They must not have paid much attention to West Virginia until now. With Chuck Schumer and other progressives desperate to get Joe Biden’s Build Back Better reconciliation spend-o-rama passed before Christmas, we have a full-court press on Manchin at the moment. The Washington Post pitches in with this weird “exposé” on Manchin’s finances that means, well … not much:
In Sen. Joe Manchin III’s hilly West Virginia home county, his family’s business has made millions by taking waste coal from long-abandoned mines and selling it to a power plant that emits air pollution at a higher rate than any other plant in the state.
That enterprise could have taken a hit under a key part of President Biden’s climate agenda, a $150 billion plan to push coal plants toward cleaner energy. One lawmaker, though, played a central role in killing that proposal: Manchin, who has earned hundreds of thousands of dollars annually from the family coal company while using his role as a Democratic swing vote in a 50-50 Senate to dictate Biden’s policies.

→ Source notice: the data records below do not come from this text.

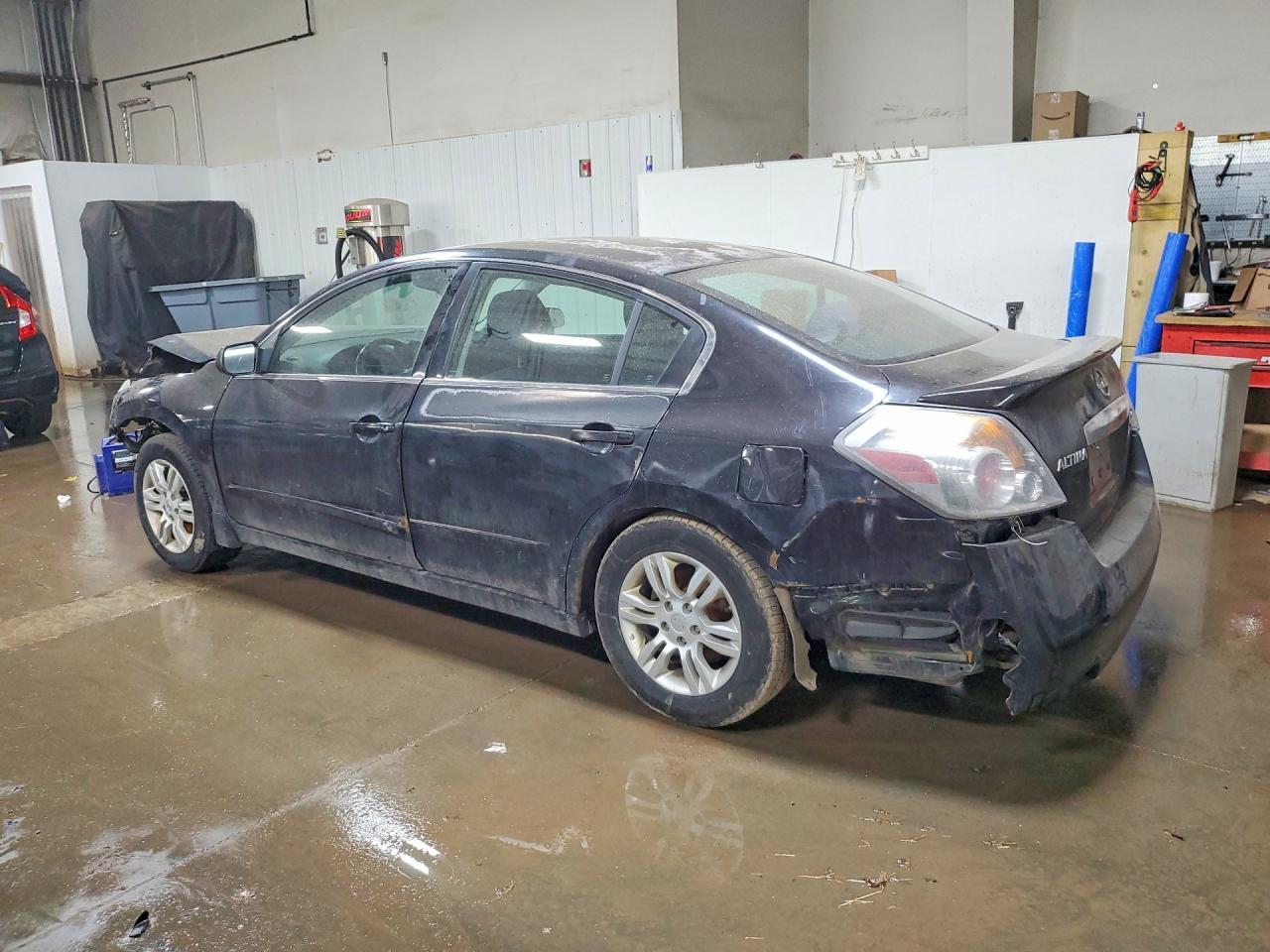 2011 Nissan Altima 2.5 - Фото 2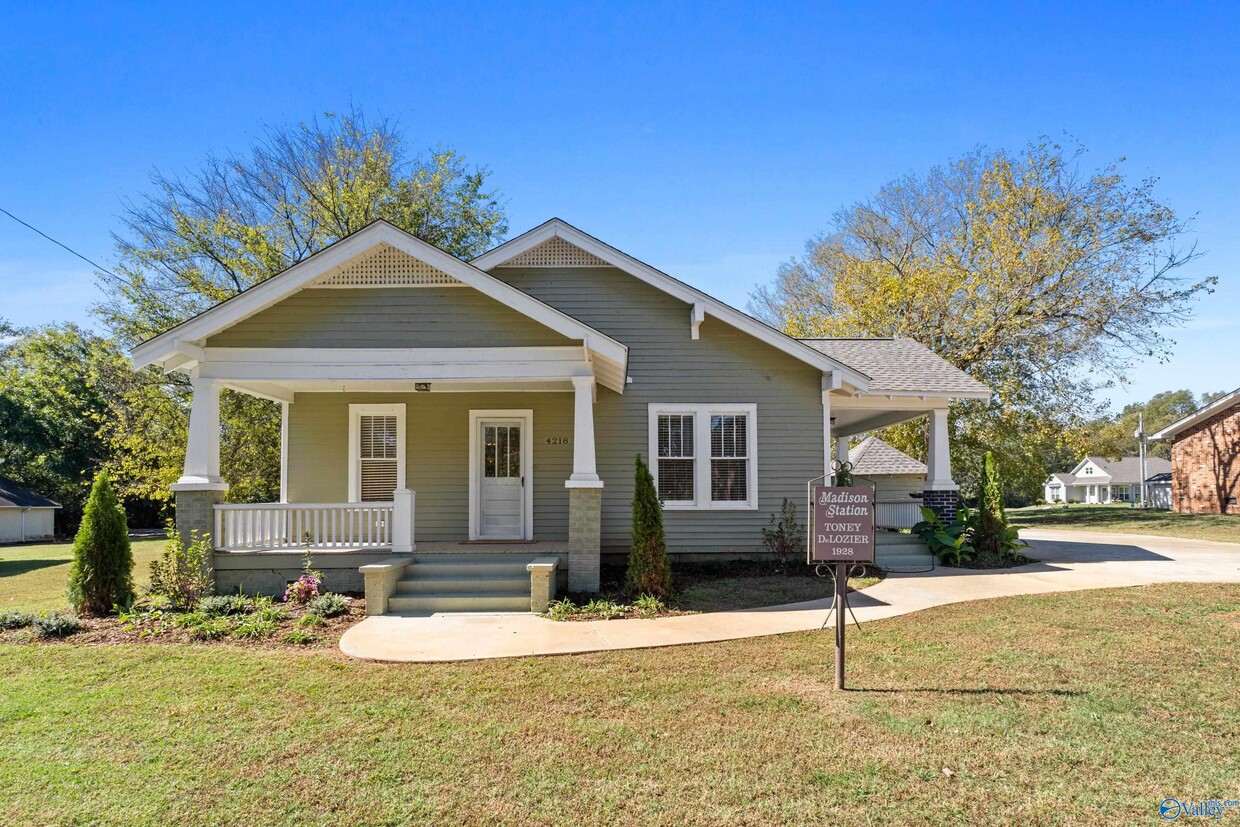 Foto principal - 4218 Sullivan St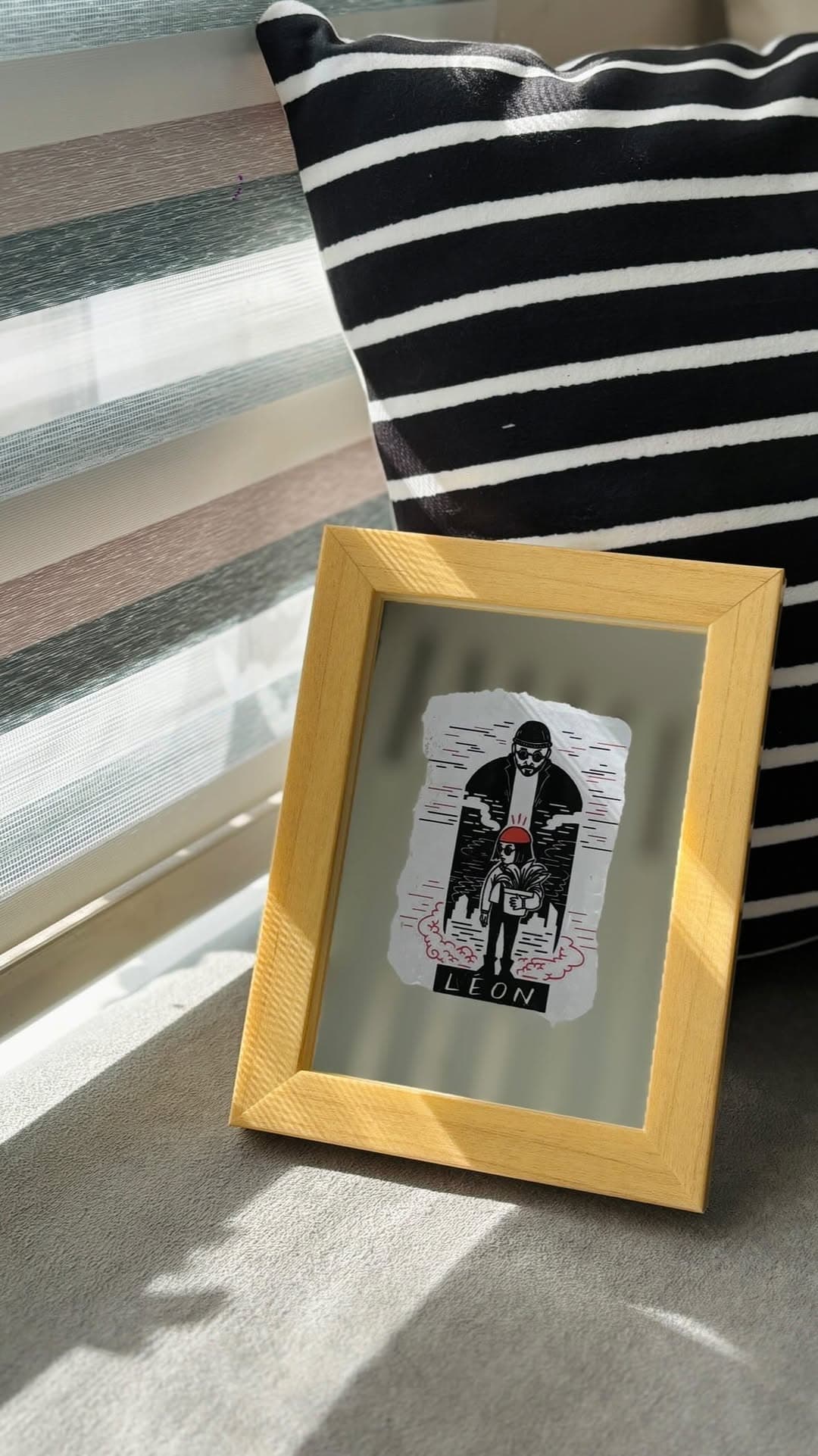 آینه دکوراتیو رومیزی قابدار با طرح فیلم لئون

When pressed about whether he has a conflict of interest, Manchin bristles. “I have been in a blind trust for 20 years. I have no idea what they’re doing,” the senator told reporters in September, referring to his family’s coal firm. “You got a problem?”

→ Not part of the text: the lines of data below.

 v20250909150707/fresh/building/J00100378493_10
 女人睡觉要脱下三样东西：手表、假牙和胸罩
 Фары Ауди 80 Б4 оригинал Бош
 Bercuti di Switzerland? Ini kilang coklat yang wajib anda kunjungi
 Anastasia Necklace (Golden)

But contrary to his public statements, documents filed by the senator show the blind trust is much too small to account for all his reported earnings from the coal company, as of his latest financial disclosure report, which covers 2020 and was filed in May. …
If Manchin’s coal interests are not in a blind trust, ethics experts said, it calls into question the impartiality of a senator who in October forced Biden to drop the plan in his Build Back Better bill to phase out the same kinds of coal plants that are key to his family company’s profitability.
Thank goodness for ethics experts. How long has Manchin been in the Senate, anyway? Did Chuck Schumer just discover that Manchin’s fortune comes in part from [checks notes] the industry that underpins the economy in West Virginia? The one that provides some measure of economic support for Manchin’s constituents? It seems pretty odd that the Washington Post waited over a decade to do a deep dive into Manchin’s interest in his state’s energy industries.
By the way, Manchin’s not required to be impartial on legislation, nor is any legislator. The act of voting on bills is an explicit act of partiality! In fact, he’s not required to have a blind trust in the first place:
It is legal for Manchin to make millions of dollars from his coal interests even as he chairs the Senate Energy and Natural Resources Committee and legislates on matters affecting the industry. That is because members of Congress are not required to divest their assets to avoid a potential industry conflict.
Senate rules prohibit members from using their position to pass legislation in which “the principal purpose” is to benefit themselves or family members. There is no evidence Manchin has taken action solely to benefit himself or the family company, though critics say that by killing the clean electricity provision in Biden’s agenda, he is helping all coal-related companies — potentially including Enersystems.
“His critics say” does a lot of lifting for the Post’s attempts to smear Manchin on this point. Senators aren’t presidents, and don’t have any authority to enforce laws — the reason blind trusts are traditional for executive office at the state and federal level. If Congress wants its members to divest assets or require blind trusts for “potential industry conflict,” they can jolly well regulate themselves in such a manner. However, since Congress likes to regulate everything, including monetary policy, where would members put their divested assets? And how many Senate Democrats have used a blind trust for all of their holdings? How many House Democrats?
The Post leveled this attack not because Manchin has done something corrupt, bit because Manchin won’t cast his vote for BBB and its budget gimmickry. The Washington Post is not really questioning his “impartiality”; they’re smearing him for not being sufficiently partisan. It’s a pathetic attempt to badger and intimidate Manchin, who must be laughing at the effort to paint him as someone who’s manipulating the system to defend an industry that generates so much economic activity for the voters he serves.